__GIVEN INFORMATION__:
:::
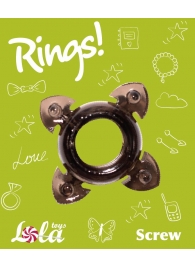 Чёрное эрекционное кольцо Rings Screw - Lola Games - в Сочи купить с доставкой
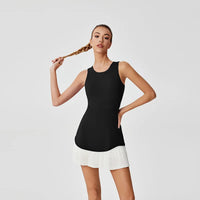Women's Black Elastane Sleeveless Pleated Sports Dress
:::
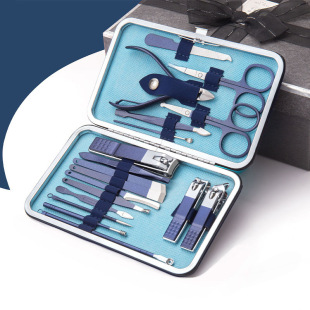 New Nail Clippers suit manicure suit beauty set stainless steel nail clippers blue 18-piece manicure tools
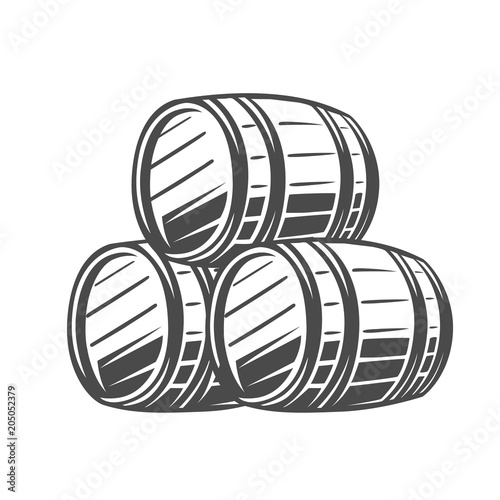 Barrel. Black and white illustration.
:::
__YOUR ASSIGNMENT__:
Reproduce the entries exactly, from the line with "Чёрное эрекционное кольцо" to the line with "Women's Black Elastane", both lines included, keeping no pictures.

__PROBLEM SOLUTION__:
 Чёрное эрекционное кольцо Rings Screw - Lola Games - в Сочи купить с доставкой
Women's Black Elastane Sleeveless Pleated Sports Dress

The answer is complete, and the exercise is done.